Work task - Range to copy from the entries below: the line containing "Película Duelo en el fondo del mar" through the line containing "Гараж в Московская", inclusive. Retype only those lines, exactly, without any images.

Extracted records -

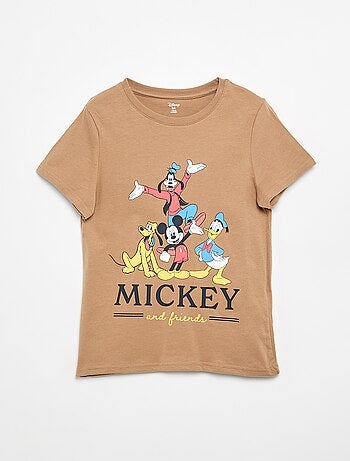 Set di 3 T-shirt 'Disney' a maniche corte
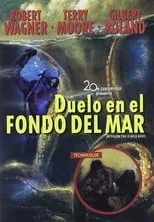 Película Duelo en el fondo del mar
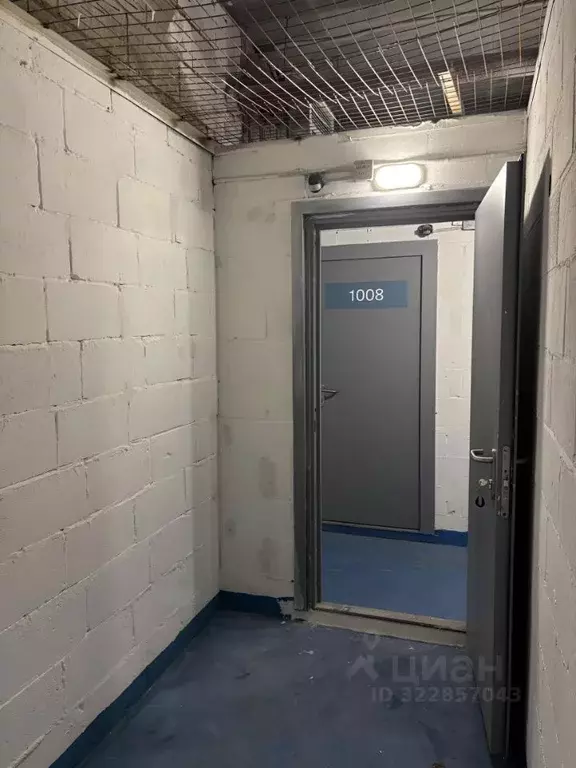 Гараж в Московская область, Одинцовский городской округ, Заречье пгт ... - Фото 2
...
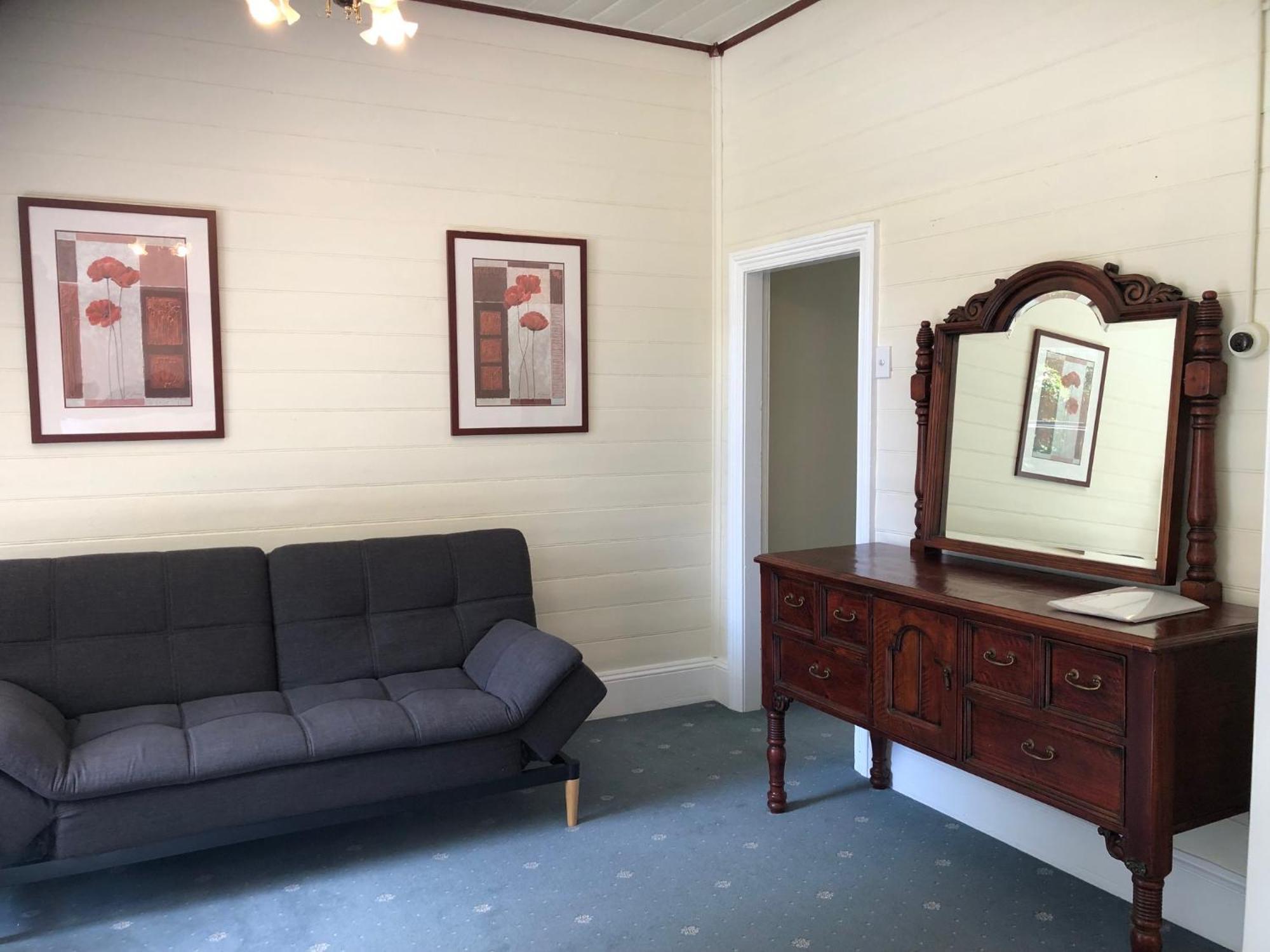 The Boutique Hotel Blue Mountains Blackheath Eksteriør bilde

Answer section -
 Película Duelo en el fondo del mar
 Гараж в Московская область, Одинцовский городской округ, Заречье пгт ... - Фото 2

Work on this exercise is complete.